Try it:
Emit a verbatim copy of the lines below from the line with "Children's Sterling Silver" through the line with "Rolling Washbasin Cabinet", excluding pictures and everything outside that range.

Study material:
◇ ◇ ◇

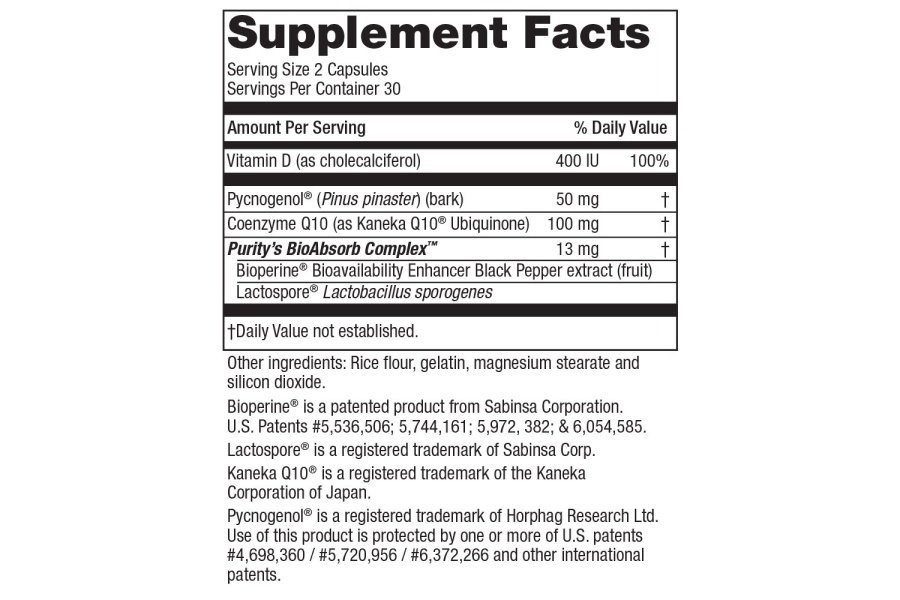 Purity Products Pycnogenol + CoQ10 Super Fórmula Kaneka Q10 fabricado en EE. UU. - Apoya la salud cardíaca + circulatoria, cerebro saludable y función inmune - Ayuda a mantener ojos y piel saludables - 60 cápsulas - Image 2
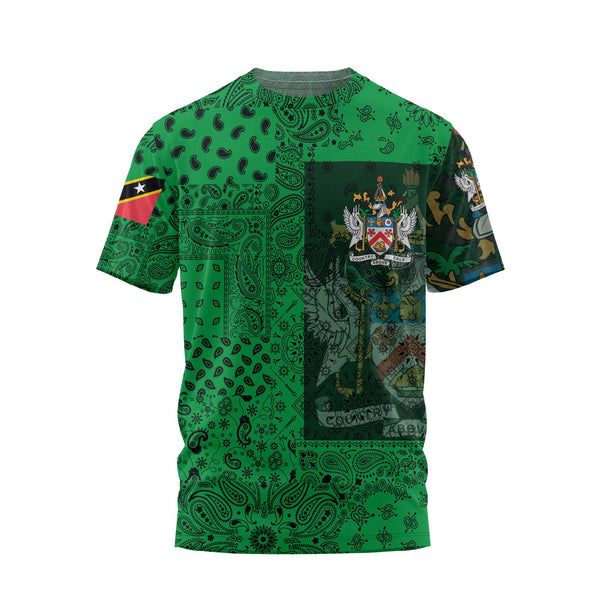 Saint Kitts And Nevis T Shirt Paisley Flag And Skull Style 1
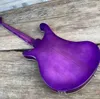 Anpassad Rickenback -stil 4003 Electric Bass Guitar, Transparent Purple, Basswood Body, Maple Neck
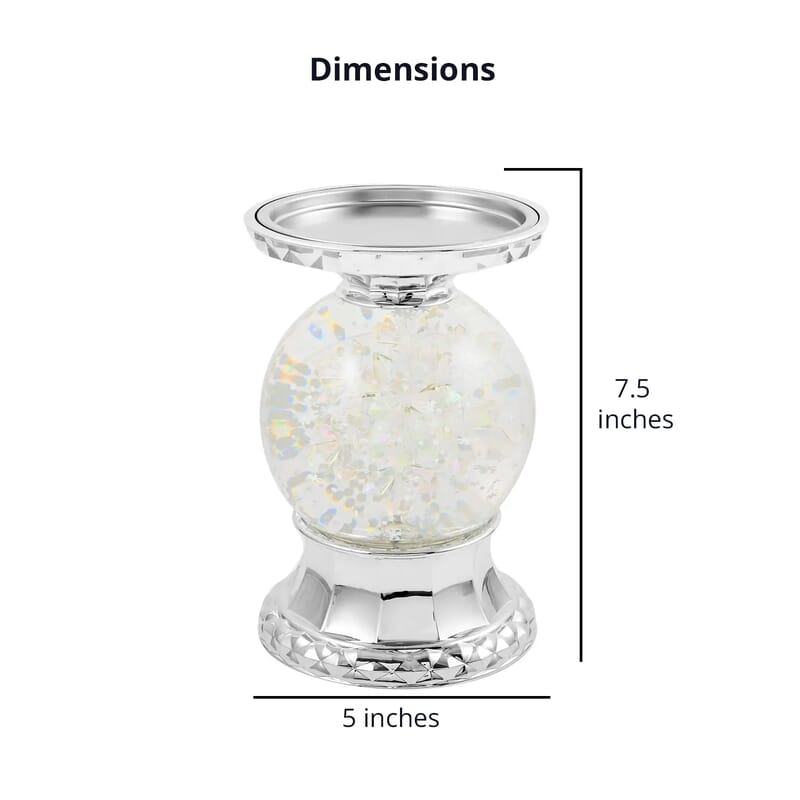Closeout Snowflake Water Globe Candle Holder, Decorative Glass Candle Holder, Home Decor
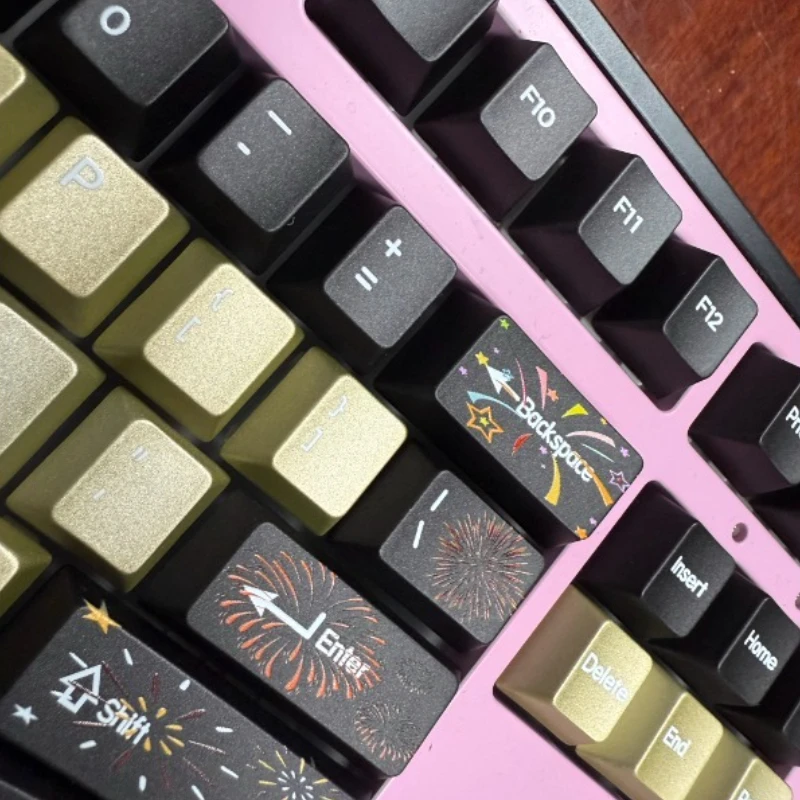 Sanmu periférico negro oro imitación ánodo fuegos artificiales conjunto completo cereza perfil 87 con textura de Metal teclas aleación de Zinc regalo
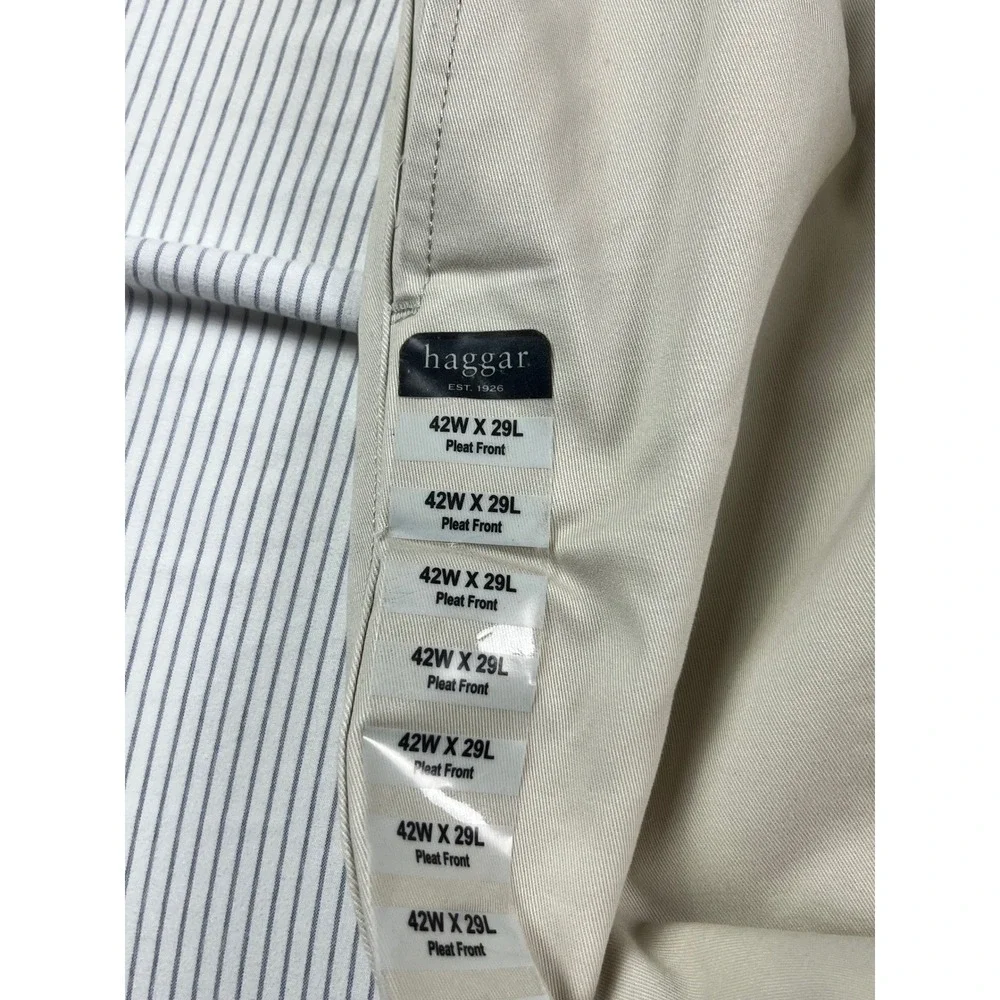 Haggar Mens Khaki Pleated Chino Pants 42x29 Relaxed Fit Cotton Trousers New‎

◇ ◇ ◇

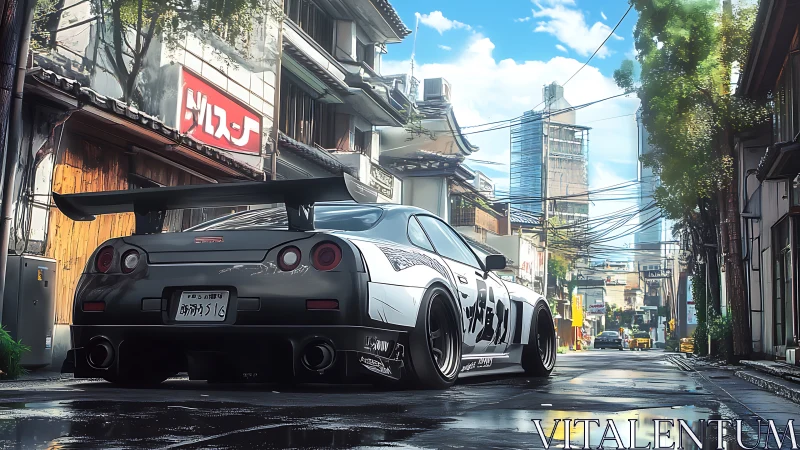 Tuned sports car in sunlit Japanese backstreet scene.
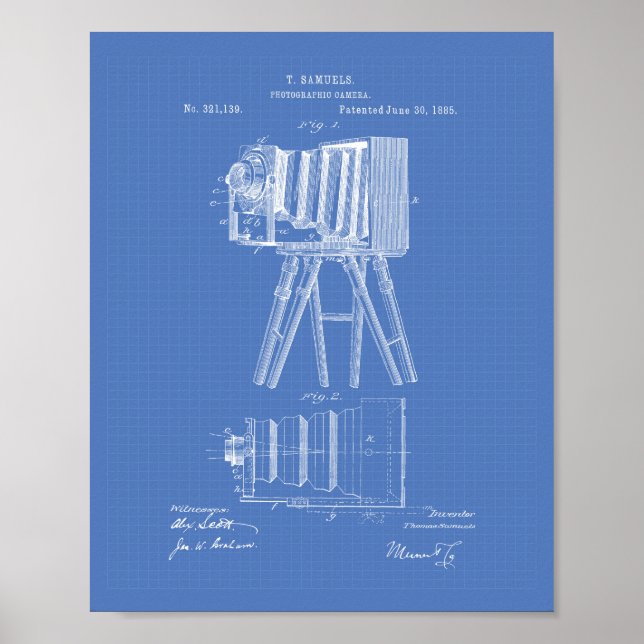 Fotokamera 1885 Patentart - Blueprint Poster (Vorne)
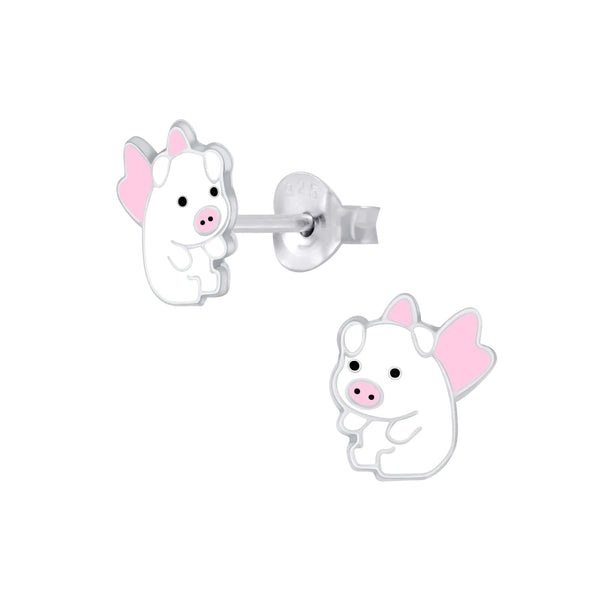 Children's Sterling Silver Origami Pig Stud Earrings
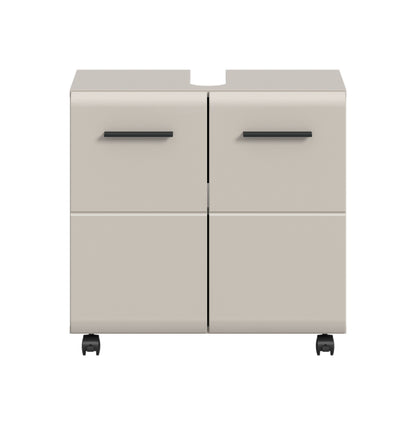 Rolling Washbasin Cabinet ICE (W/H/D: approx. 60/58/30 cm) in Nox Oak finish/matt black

◇ ◇ ◇

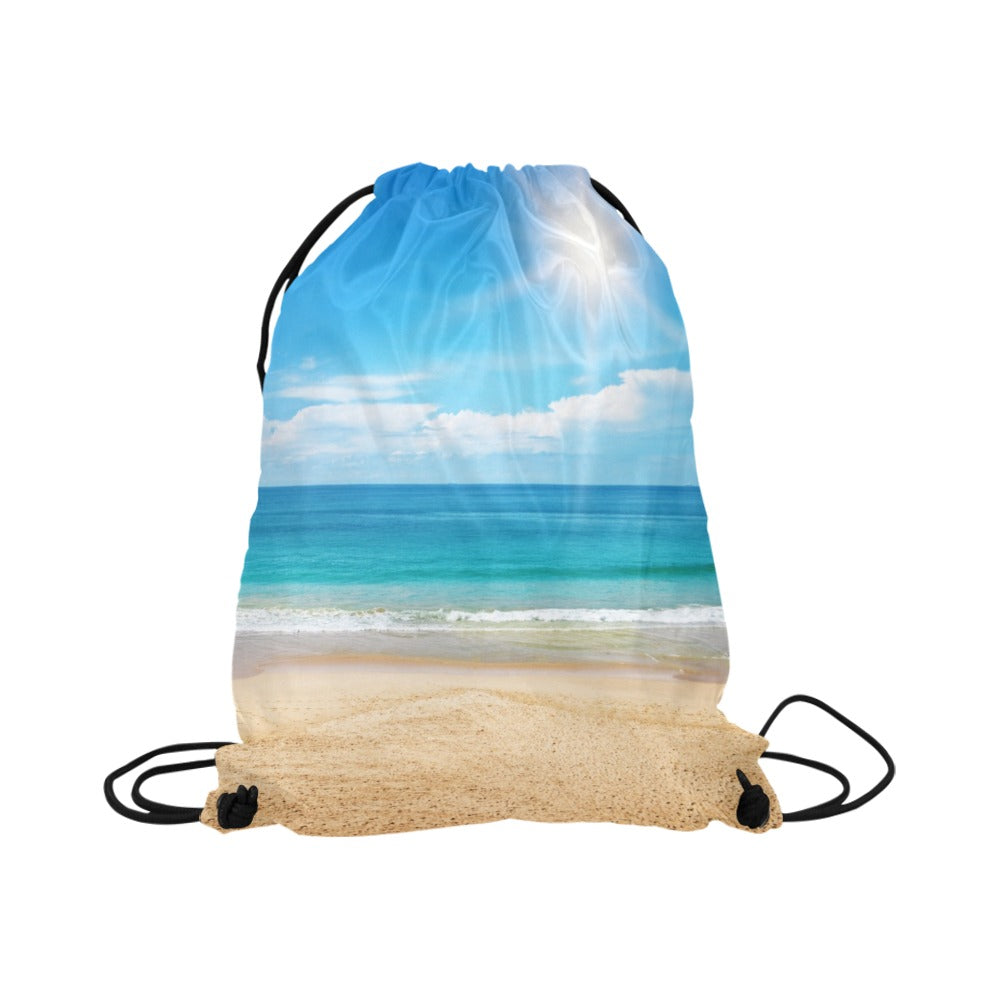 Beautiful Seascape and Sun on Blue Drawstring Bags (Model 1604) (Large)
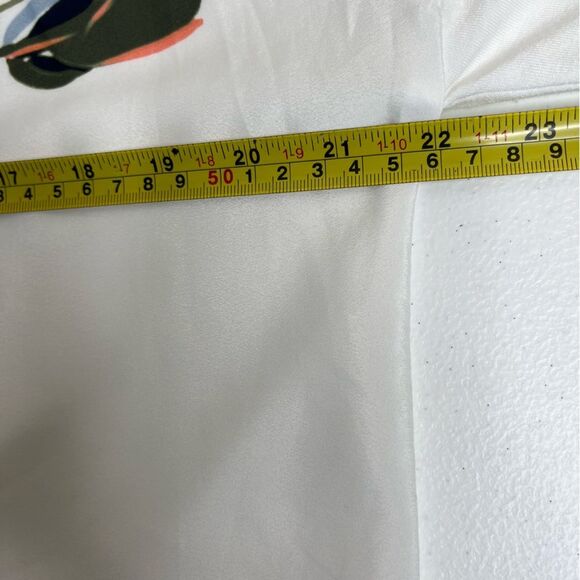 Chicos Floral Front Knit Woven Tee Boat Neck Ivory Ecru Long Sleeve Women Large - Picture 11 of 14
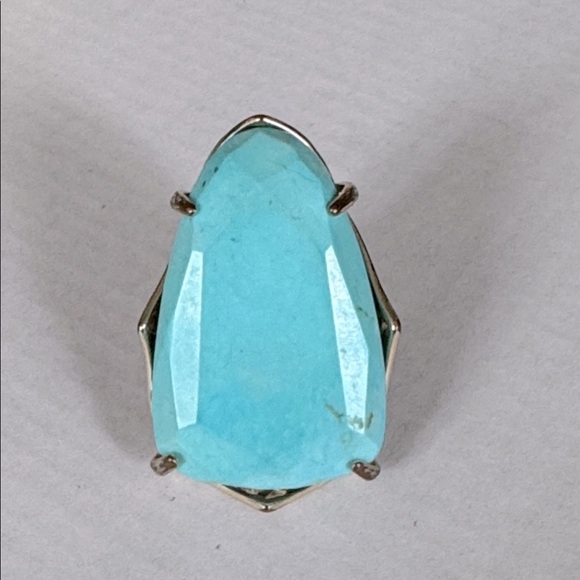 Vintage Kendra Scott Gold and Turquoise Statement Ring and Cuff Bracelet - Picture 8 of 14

◇ ◇ ◇

Task response:
 Children's Sterling Silver Origami Pig Stud Earrings
 Rolling Washbasin Cabinet ICE (W/H/D: approx. 60/58/30 cm) in Nox Oak finish/matt black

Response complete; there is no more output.